Available data —
★ ★ ★ ★

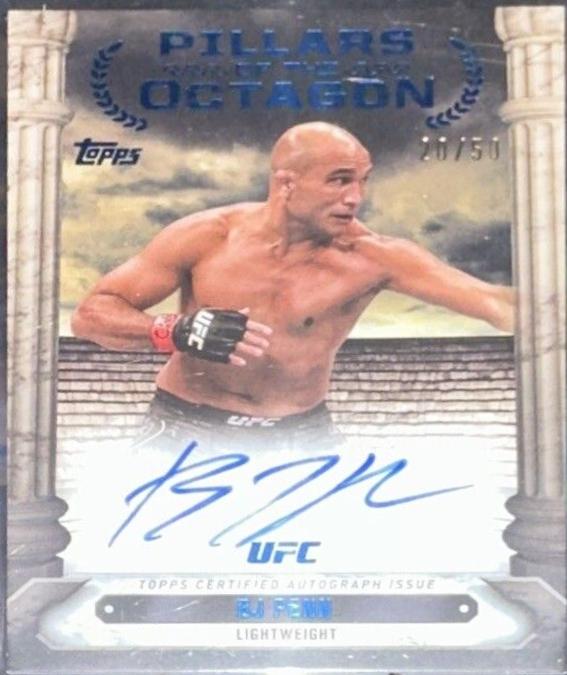 BJ Penn 2024 Topps Knockout UFC Pillars of the Octagon Autographs #PTG-BJP Blue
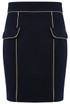 Golden Piping Tailored Skirt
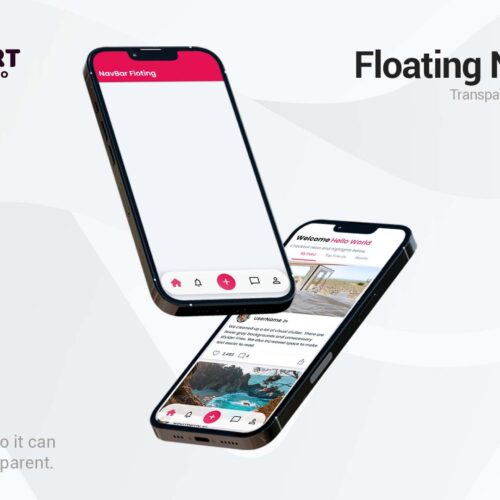 Revolutionize Your Web Experience with our Transparent and Blurred Floating NavBar | Ideal for Android, iOS, and Web Components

★ ★ ★ ★

Task description — Write out the whole listing exactly, with no pictures.

Expected answer —
 BJ Penn 2024 Topps Knockout UFC Pillars of the Octagon Autographs #PTG-BJP Blue
 Golden Piping Tailored Skirt
 Revolutionize Your Web Experience with our Transparent and Blurred Floating NavBar | Ideal for Android, iOS, and Web Components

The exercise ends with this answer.